__SUPPLIED MATERIAL__.
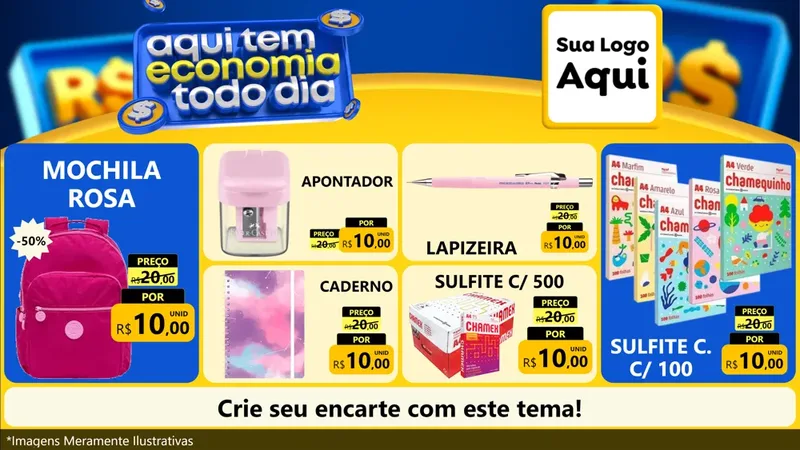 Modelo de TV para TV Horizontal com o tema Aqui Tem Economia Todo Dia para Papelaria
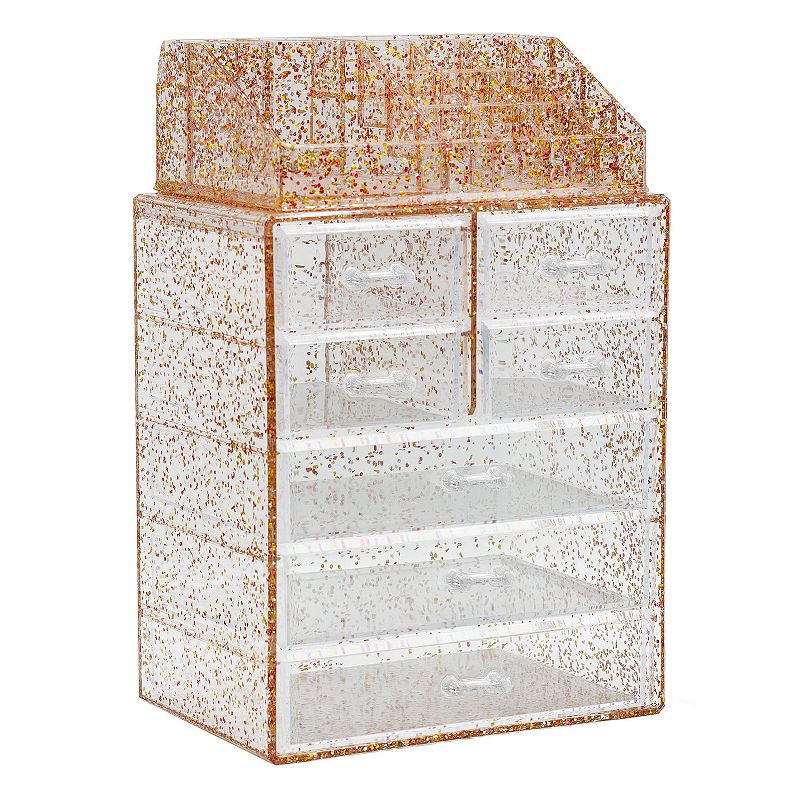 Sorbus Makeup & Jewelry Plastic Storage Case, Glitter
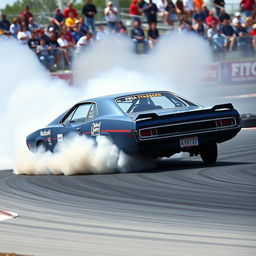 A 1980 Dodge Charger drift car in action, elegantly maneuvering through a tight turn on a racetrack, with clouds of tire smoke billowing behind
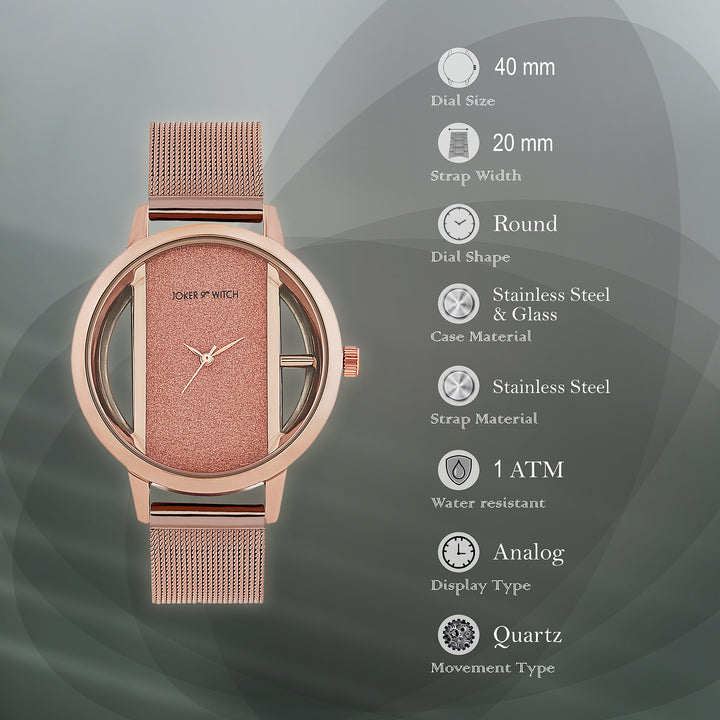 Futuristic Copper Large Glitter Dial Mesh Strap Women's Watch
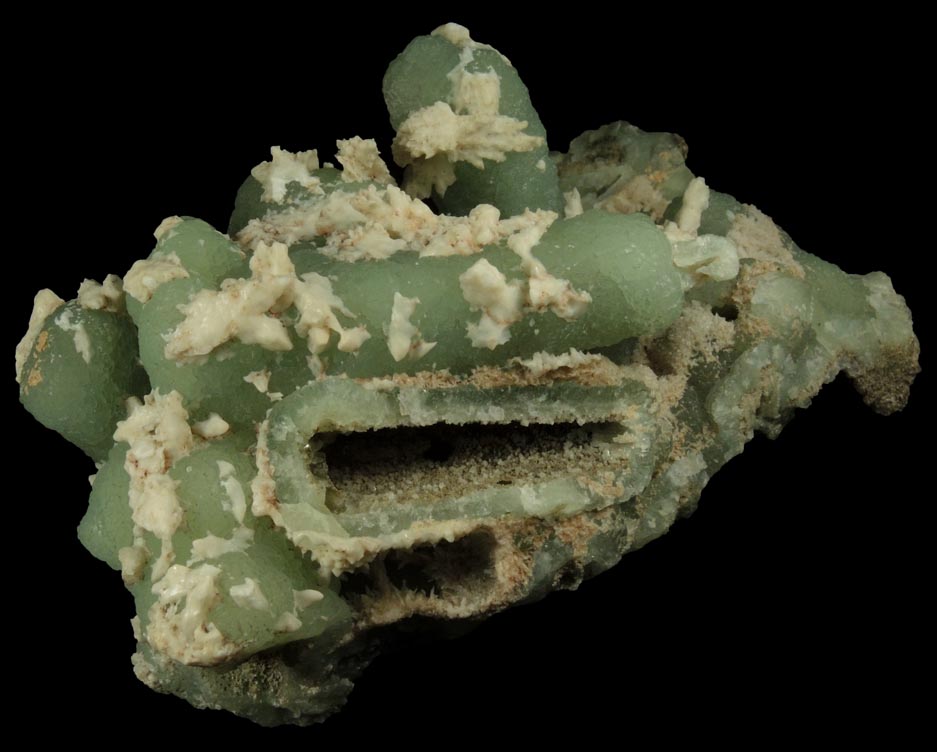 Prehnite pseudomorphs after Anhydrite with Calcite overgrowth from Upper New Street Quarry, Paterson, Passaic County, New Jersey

__WHAT YOU HAVE TO DO__. Pictures are to be omitted from the copy. Reproduce exactly, and only, the lines from the one containing "A 1980 Dodge" to the end of the listing above.

__WRITTEN SOLUTION__.
 A 1980 Dodge Charger drift car in action, elegantly maneuvering through a tight turn on a racetrack, with clouds of tire smoke billowing behind
 Futuristic Copper Large Glitter Dial Mesh Strap Women's Watch
 Prehnite pseudomorphs after Anhydrite with Calcite overgrowth from Upper New Street Quarry, Paterson, Passaic County, New Jersey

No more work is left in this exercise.